LightRAG: Simple and Fast Retrieval-Augmented Generation

Project description

LightRAG: Simple and Fast Retrieval-Augmented Generation

请添加图片描述

This repository hosts the code of LightRAG. The structure of this code is based on nano-graphrag. 请添加图片描述

Install

  • Install from source
cd LightRAG
pip install -e .
  • Install from PyPI
pip install lightrag-hku

Quick Start

  • Set OpenAI API key in environment: export OPENAI_API_KEY="sk-...".
  • Download the demo text "A Christmas Carol by Charles Dickens"
curl https://raw.githubusercontent.com/gusye1234/nano-graphrag/main/tests/mock_data.txt > ./book.txt

Use the below python snippet:

from lightrag import LightRAG, QueryParam

rag = LightRAG(working_dir="./dickens")

with open("./book.txt") as f:
    rag.insert(f.read())

# Perform naive search
print(rag.query("What are the top themes in this story?", param=QueryParam(mode="naive")))

# Perform local search
print(rag.query("What are the top themes in this story?", param=QueryParam(mode="local")))

# Perform global search
print(rag.query("What are the top themes in this story?", param=QueryParam(mode="global")))

# Perform hybird search
print(rag.query("What are the top themes in this story?", param=QueryParam(mode="hybird")))

Batch Insert

rag.insert(["TEXT1", "TEXT2",...])

Incremental Insert

rag = LightRAG(working_dir="./dickens")

with open("./newText.txt") as f:
    rag.insert(f.read())

Evaluation

Dataset

The dataset used in LightRAG can be download from TommyChien/UltraDomain.

Generate Query

LightRAG uses the following prompt to generate high-level queries, with the corresponding code located in example/generate_query.py.

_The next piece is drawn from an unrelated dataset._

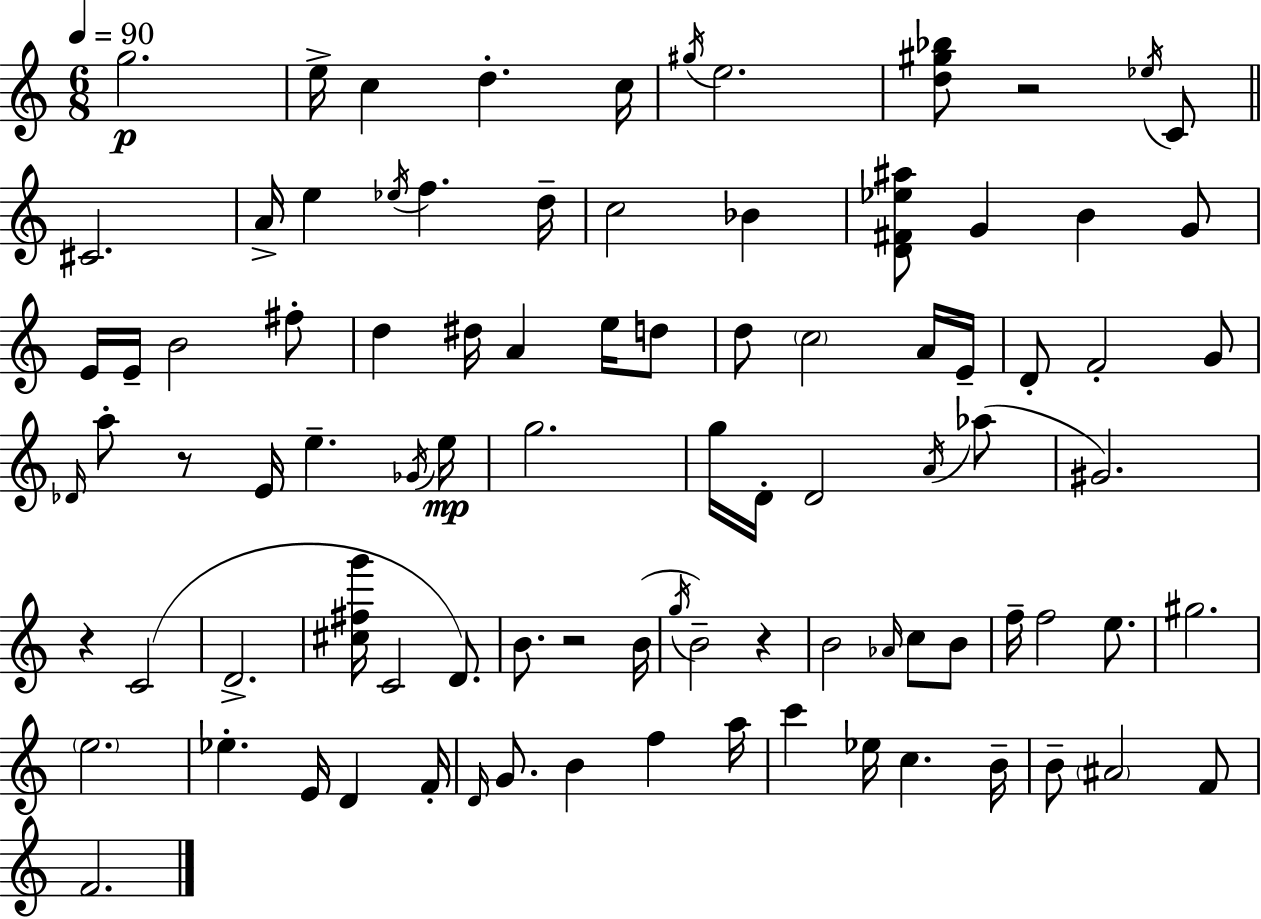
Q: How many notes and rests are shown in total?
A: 91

Given the following description of a dataset:

{description}

Please identify 5 potential users who would engage with this dataset. For each user, list 5 tasks they would perform with this dataset. Then, for each (user, task) combination, generate 5 questions that require a high-level understanding of the entire dataset.

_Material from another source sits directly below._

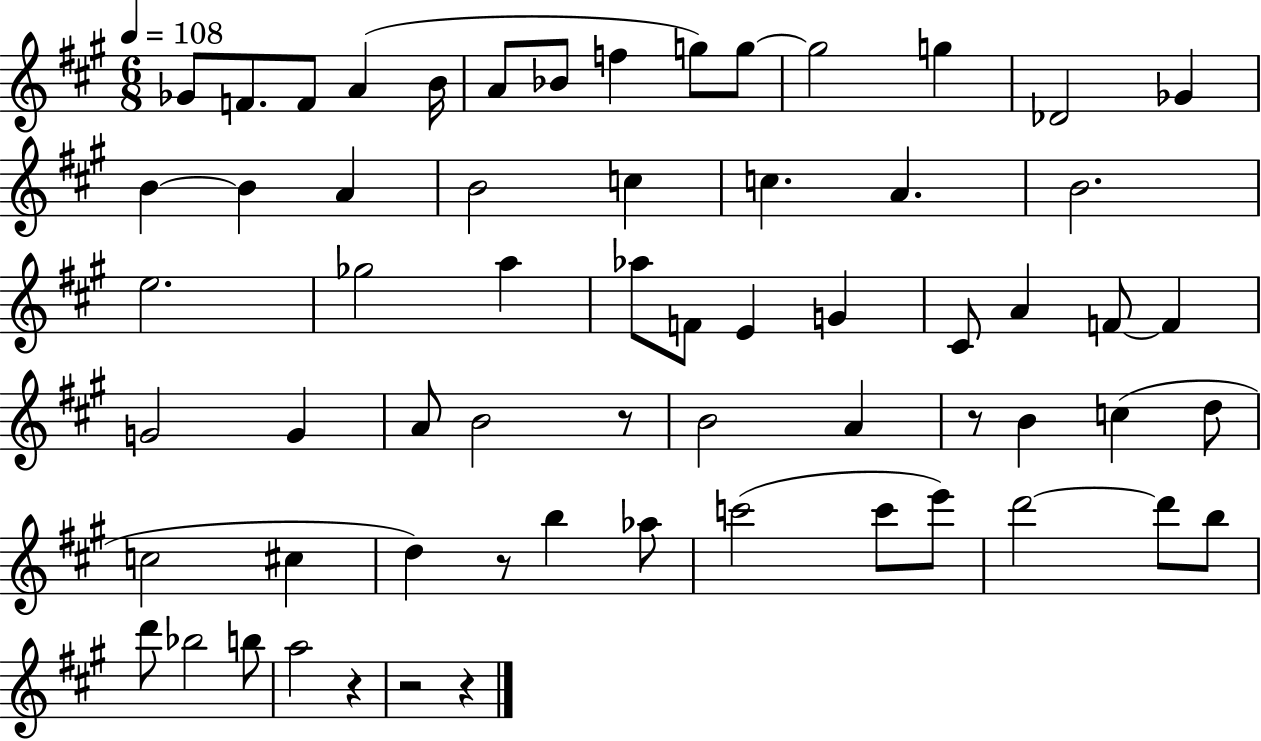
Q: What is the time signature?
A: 6/8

Output the results in the following structure:
- User 1: [user description]
    - Task 1: [task description]
        - Question 1:
        - Question 2:
        - Question 3:
        - Question 4:
        - Question 5:
    - Task 2: [task description]
        ...
    - Task 5: [task description]
- User 2: [user description]
    ...
- User 5: [user description]
    ...

Batch Eval

To evaluate the performance of two RAG systems on high-level queries, LightRAG uses the following prompt, with the specific code available in example/batch_eval.py.

---Role---
You are an expert tasked with evaluating two answers to the same question based on three criteria: **Comprehensiveness**, **Diversity**, and **Empowerment**.
---Goal---
You will evaluate two answers to the same question based on three criteria: **Comprehensiveness**, **Diversity**, and **Empowerment**. 

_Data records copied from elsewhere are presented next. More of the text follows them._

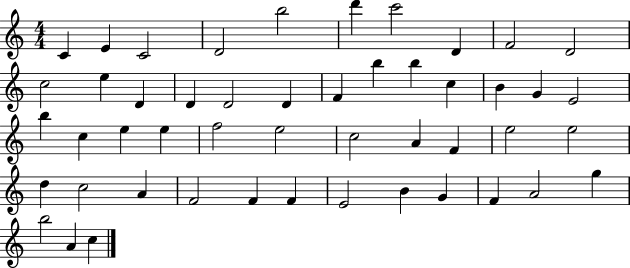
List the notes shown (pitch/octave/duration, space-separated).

C4/q E4/q C4/h D4/h B5/h D6/q C6/h D4/q F4/h D4/h C5/h E5/q D4/q D4/q D4/h D4/q F4/q B5/q B5/q C5/q B4/q G4/q E4/h B5/q C5/q E5/q E5/q F5/h E5/h C5/h A4/q F4/q E5/h E5/h D5/q C5/h A4/q F4/h F4/q F4/q E4/h B4/q G4/q F4/q A4/h G5/q B5/h A4/q C5/q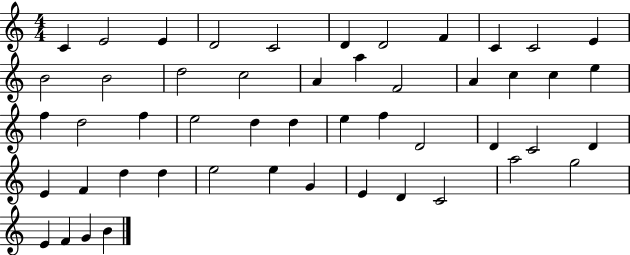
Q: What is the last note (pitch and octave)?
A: B4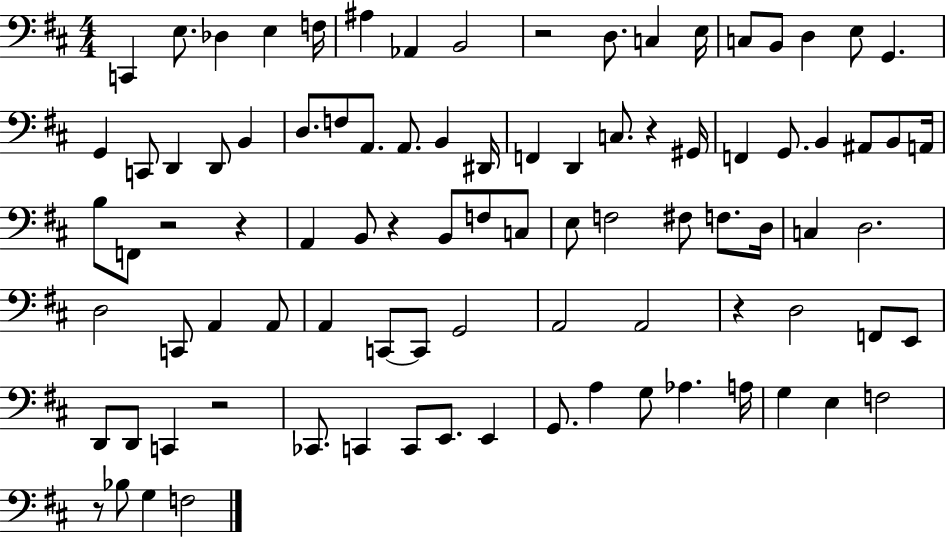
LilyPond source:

{
  \clef bass
  \numericTimeSignature
  \time 4/4
  \key d \major
  c,4 e8. des4 e4 f16 | ais4 aes,4 b,2 | r2 d8. c4 e16 | c8 b,8 d4 e8 g,4. | \break g,4 c,8 d,4 d,8 b,4 | d8. f8 a,8. a,8. b,4 dis,16 | f,4 d,4 c8. r4 gis,16 | f,4 g,8. b,4 ais,8 b,8 a,16 | \break b8 f,8 r2 r4 | a,4 b,8 r4 b,8 f8 c8 | e8 f2 fis8 f8. d16 | c4 d2. | \break d2 c,8 a,4 a,8 | a,4 c,8~~ c,8 g,2 | a,2 a,2 | r4 d2 f,8 e,8 | \break d,8 d,8 c,4 r2 | ces,8. c,4 c,8 e,8. e,4 | g,8. a4 g8 aes4. a16 | g4 e4 f2 | \break r8 bes8 g4 f2 | \bar "|."
}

- **Comprehensiveness**: How much detail does the answer provide to cover all aspects and details of the question?
- **Diversity**: How varied and rich is the answer in providing different perspectives and insights on the question?
- **Empowerment**: How well does the answer help the reader understand and make informed judgments about the topic?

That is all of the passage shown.